Livre daquela sarabanda de gente que atabafava o infeliz (bom, infeliz é capaz de ser um bocado exagerado se tivermos em conta o que aconteceu aos seus 73 companheiros), lá conseguiu entabular um diálogo ou algo que se parecesse com isso. O sobrevivente não tinha documentos. Desfazia-se em obrigados constantes e afirmava com toda a seriedade que os noruegueses lhe tinham salvo a vida e acrescentava que não vira mais nenhum outro tripulante debater-se à tona de água em redor dos poucos destroços do navio que haviam sobrado à superfície. Em seguida calou-se. Entrou num estado catatónico, ou coisa que o valha, e deixou de ter utilidade. Dele não se sacava nem mais uma palavra.
Teorias da conspiração
Os ingleses não são muito dados a desperdícios. A perda do Indian Enterprise e da sua carga de explosivos (e já agora dos marinheiros que nele navegavam) deixou-os de sobremaneira irritados.
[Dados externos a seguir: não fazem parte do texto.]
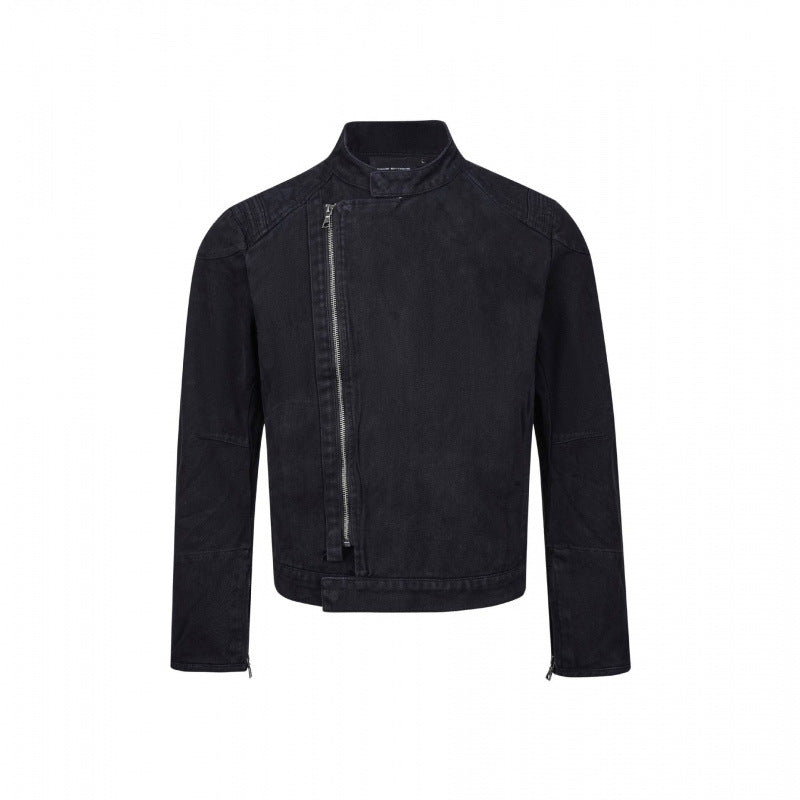 Herren Asymmetrische Kurzjacke im Biker-Stil mit Stehkragen und schrägem Metallreißverschluss Nord Taschen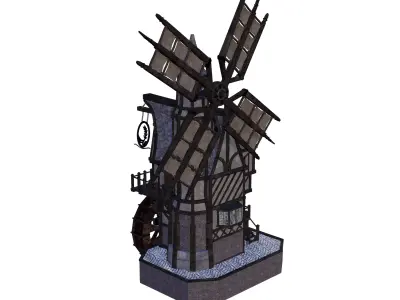 Windmill with water wheel Blender files with full 4k texture 3D model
O comandante do navio que explodira em pleno Mar Vermelho, a caminho de Calcutá, era um tal de T.R. Campbell, um tipo considerado sensato e experiente e incapaz de qualquer tipo de manobra ou exercício disparatado que pudesse pôr em risco carga e tripulantes. O Almirantado começou a fazer perguntas, muitas perguntas, e sobretudo a querer respostas e depressa que já se fazia tarde, sobretudo para uma gente que faz da pontualidade uma idiossincrasia.
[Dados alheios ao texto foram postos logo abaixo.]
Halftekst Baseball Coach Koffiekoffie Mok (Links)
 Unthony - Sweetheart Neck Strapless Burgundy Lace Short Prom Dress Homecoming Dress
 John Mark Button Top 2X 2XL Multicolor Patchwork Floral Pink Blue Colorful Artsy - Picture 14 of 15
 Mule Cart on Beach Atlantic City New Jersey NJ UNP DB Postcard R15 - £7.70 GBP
O Daily Graphic, um dos primeiros jornais ilustrados publicados no_reino_Unidos, e que seria mais tarde comprado e engolido pelo Daily Sketch, trouxe a notícia em primeira mão: os serviços secretos britânicos do Médio Oriente tinham-se posto em campo. Ou melhor, tinham-se deitado à água. Estavam encarregues de fazer um levantamento exaustivo sobre tudo o que poderia ter sucedido a bordo do Enterprise. Um grupo de funcionários tinha sido composto e partira de imediato para o local do naufrágio tentando obter pistas para resolver o mistério. A imprensa exaltou-se com esta medida. Vivíamos nos primórdios da Guerra Fria, mas ela estava aí e era indisfarçável. Pelo que as teorias conspirativas começaram a ser alimentadas com a sem-vergonhice com que os boatos se espalham, fazendo mais danos do que uma mancha de óleo em toalha de linho branco.
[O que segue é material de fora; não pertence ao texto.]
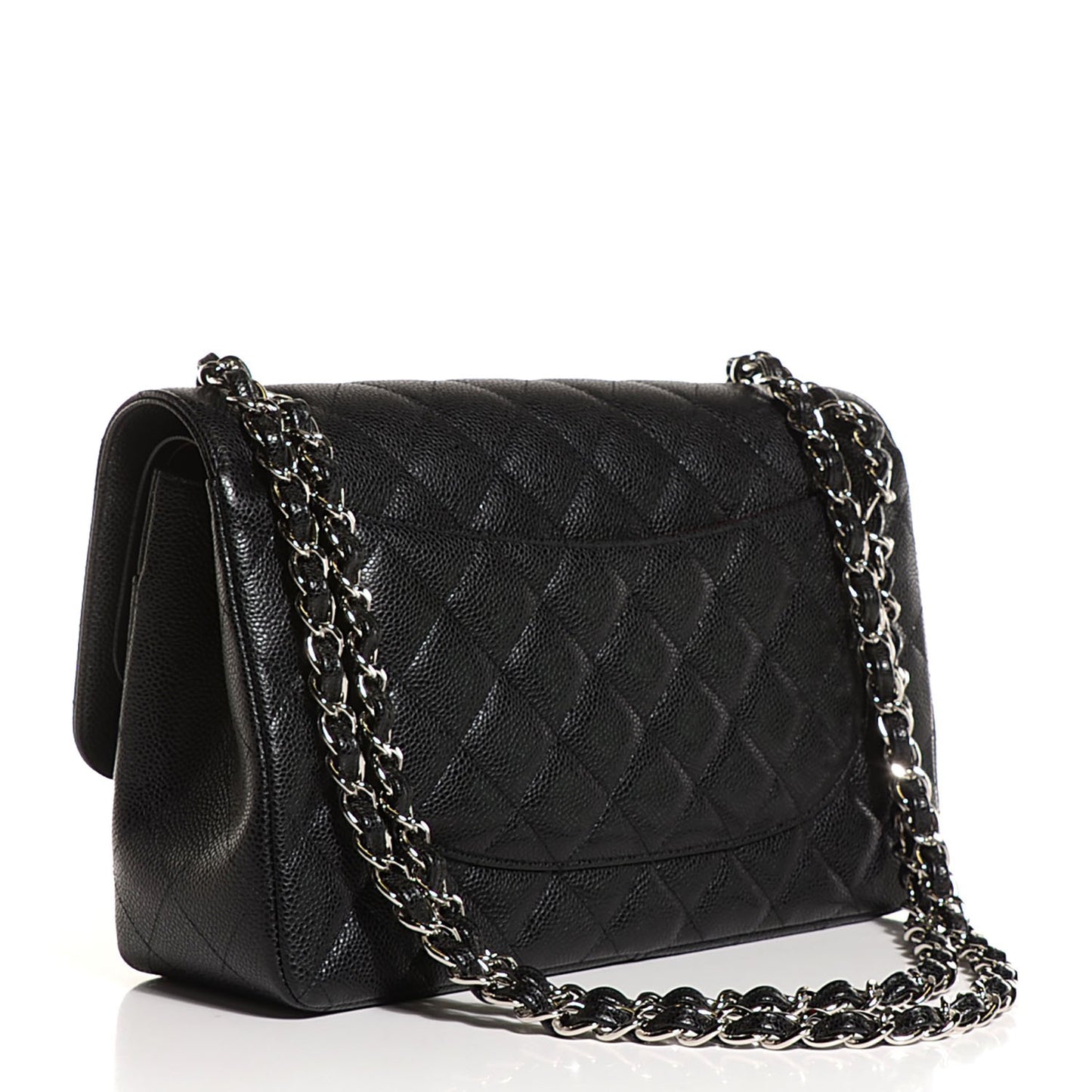 Caviar Quilted Jumbo Double Flap Black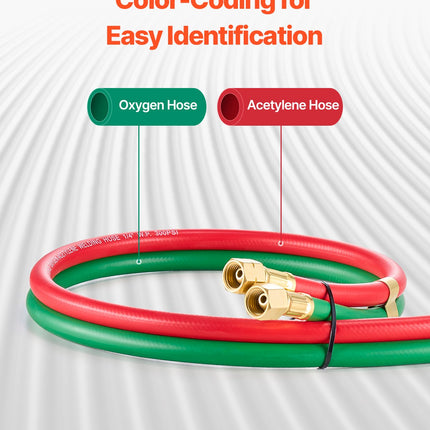 Oxygen Acetylene Hose, 1/4-Inch X 25FT Oxy Acetylene Hose With 9/16"-18 B Fitting, 300PSI T Grade Welding Cutting Torch Twin Hose, Compatible With Oxygen, Acetylene, Propane And Other Fuel Gases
“Os funcionários dos serviços secretos da nação vão fazer um relatório minucioso sobre os acontecimentos para ficarmos a saber, com toda a certeza possível, se houve um acto de sabotagem a bordo do Indian Enterprise”, deixou sair a público, em comunicado, o M16 ((Military Intelligence, Section 6), a agência britânica que lida com situações decorridas no estrangeiro. Nos meses anteriores, outros acidentes do género, haviam sucedido um pouco por todo o mundo, embora sem a gravidade deste, e a desconfiança era grande, segundo o Graphic, “em relação a fanáticos comunistas que têm uma habilidade especial para estes métodos de actuação”. Retido no Suez, o sobrevivente catatónico, desapareceu de circulação. Talvez alguém tenha ficado com a sensação de que possuía um inconfundível olhar de culpado.